|Year : 2018 | Volume
| Issue : 4 | Page : 326-331
Assessment of effects of hearing aid fitting on the perceptual characteristics of tinnitus
Moustafa El Kousht1, Tarek M.El Dessouky2, Rabab A Koura2, Mohamed Fawaz3, Shaemaa A Sabry2
1 Audiology Unit, Department of Otolaryngology, Kasr Al-Ainy Faculty of Medicine, Cairo University, Cairo, Egypt
2 Audiology Unit, Department of Otolaryngology, Faculty of Medicine, Beni-Suef University, Beni Suef, Egypt
3 Department of Otolaryngology, Faculty of Medicine, Beni Suef University, Beni Suef, Egypt
|Date of Submission||28-Dec-2017|
|Date of Acceptance||01-Feb-2018|
|Date of Web Publication||2-Nov-2018|
Rabab A Koura
Yousef El Sabaee Street, 1st Settlement, New Cairo City, Cairo
Source of Support: None, Conflict of Interest: None
Background Evidence of systematic relationships between the perceptual characteristics of tinnitus, like its pitch or loudness, and those of the absolute hearing threshold curves, like the presence and degree of hearing loss at certain frequencies, would probably help to understand how tinnitus is related to the configuration of hearing loss.

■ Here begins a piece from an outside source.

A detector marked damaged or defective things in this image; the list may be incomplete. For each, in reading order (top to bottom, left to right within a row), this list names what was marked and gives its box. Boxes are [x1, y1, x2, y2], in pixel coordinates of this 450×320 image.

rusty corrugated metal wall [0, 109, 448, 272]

Objective The objective of this study was to determine the effects of hearing aid fitting on the perceptual characteristics of tinnitus.
Participants and methods The participants of the study were 50 adults (20–60 years old) with subjective tinnitus and different degrees of hearing loss. Otorhinolaryngological examination, tonal audiometry, and acoustic immittance testing were done. Participants answered Tinnitus Handicap Inventory (THI) Questionnaire at the time of the first fitting with their hearing aid and performed at 0, 3, 6, and 12 months postfitting.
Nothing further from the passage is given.